Thursday, 9 April 2015

Spongebob Squarepants; Sponge Out of Water

This was one of those deal where we ironically announced that we were going to see Spongebob instead of Fast and Furious 7 because we wanted to see something more mature. 

Turns out that Sponge out of Water isn’t a kid’s movie. Sure, there were kids at it - I think we might have been the only adults not chaperoning some tiny people - but I never saw an animated movie make less of an effort to talk to its alleged audience. This wasn’t the usual deal of a kid’s movie with plenty of pop culture references to keep the adults from falling asleep; this was by, for and about adult stoners. Adult stoners with a tiny attention span; Sponge out of Water is not so much a coherent narrative as a whole bunch of short bits that get thrown up on the screen one after the other. John grumbled that there wasn’t enough plot for a real kids’ movie; I think with small enough kids it mightn’t matter that nothing lasts more than a few minutes.

Which is not to say it’s not fun; it’s just not what we expected; not even what the trailer promised. If you go on the trailer, you expect Antonio Banderas to be a strong part of the movie all the way through; the reality is that he’s there at the beginning, setting up the story (well, setting up A story which promptly gets ignored for most of the movie), and he’s there at the end once the characters finally get onto dry land, but he’s pretty much absent for most of the action.
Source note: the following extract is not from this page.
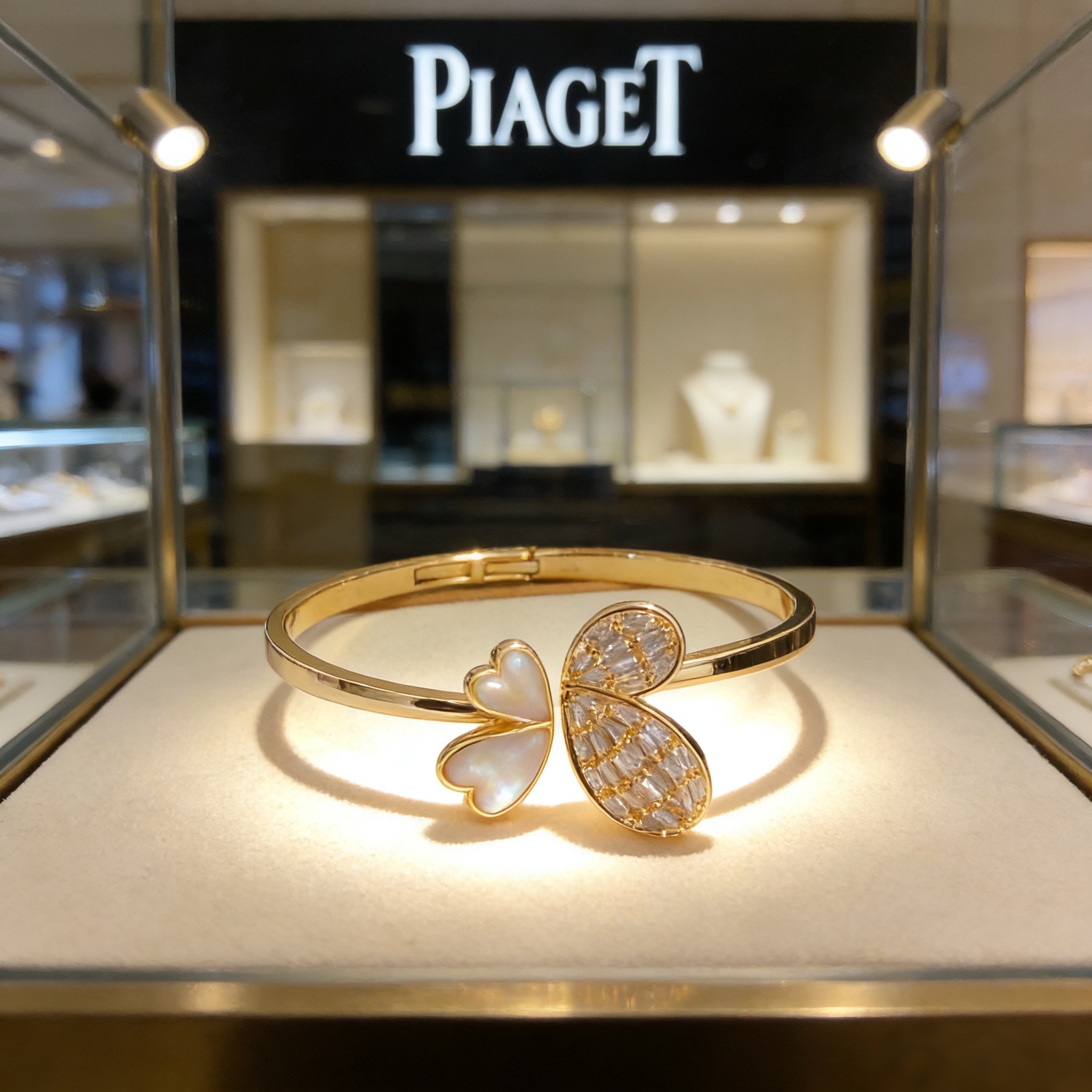 Piaget Butterfly Heart bracelet Yellow gold with white mother-of-pearl and clear baguette-cut diamonds 17cm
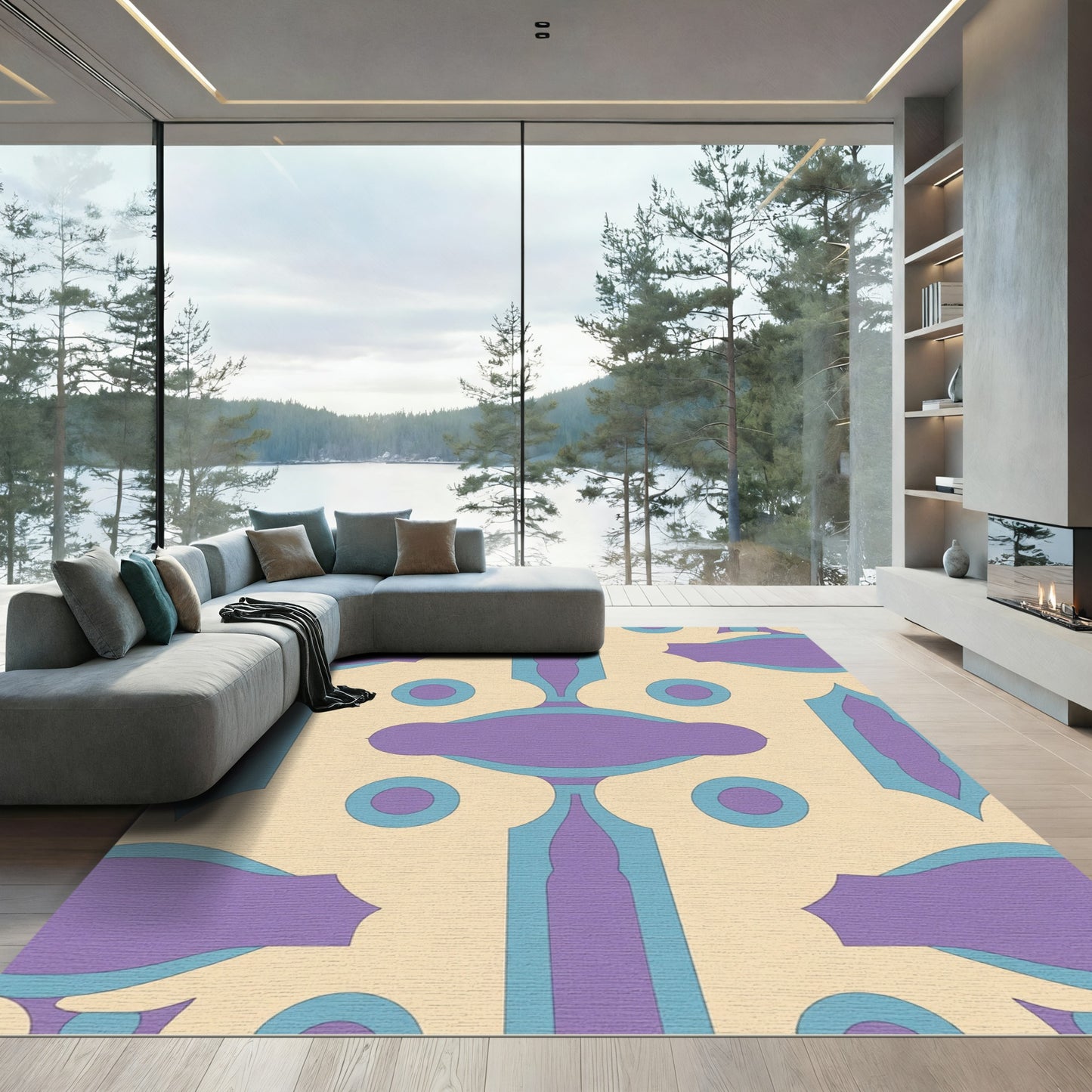 Cream Violet Teal Geometric Medallion Rug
The two big players are Spongebob and Plankton; Banderas’ Burger Beard is just a sideshow. 

If you dial your coherence expectations down a bit, it’s a lot of fun; there are all kinds of clever bits along the way. Best single sight gag is Spongebob and Patrick going out of their minds on candy floss “You could run around the world on this much sugar!” they yell, and then they cut to Spongebob and Patrick running around every landmark you can imagine until the camera pulls out and you can see that all the backgrounds have been Scotty and Squidward flipping through the postcards on a rack. I was thinking “simple genius” and then I remembered that it was all CGI and stop frame animation and it was probably anything BUT simple. There’s a great extended setpiece as Plankton attacks the Krusty Krab, and lots of other fun little bits scattered through. Yet it all felt like one of those movies they made so often in the 70s when they strung a load of sketches together until they had it up to movie length, and then hit print.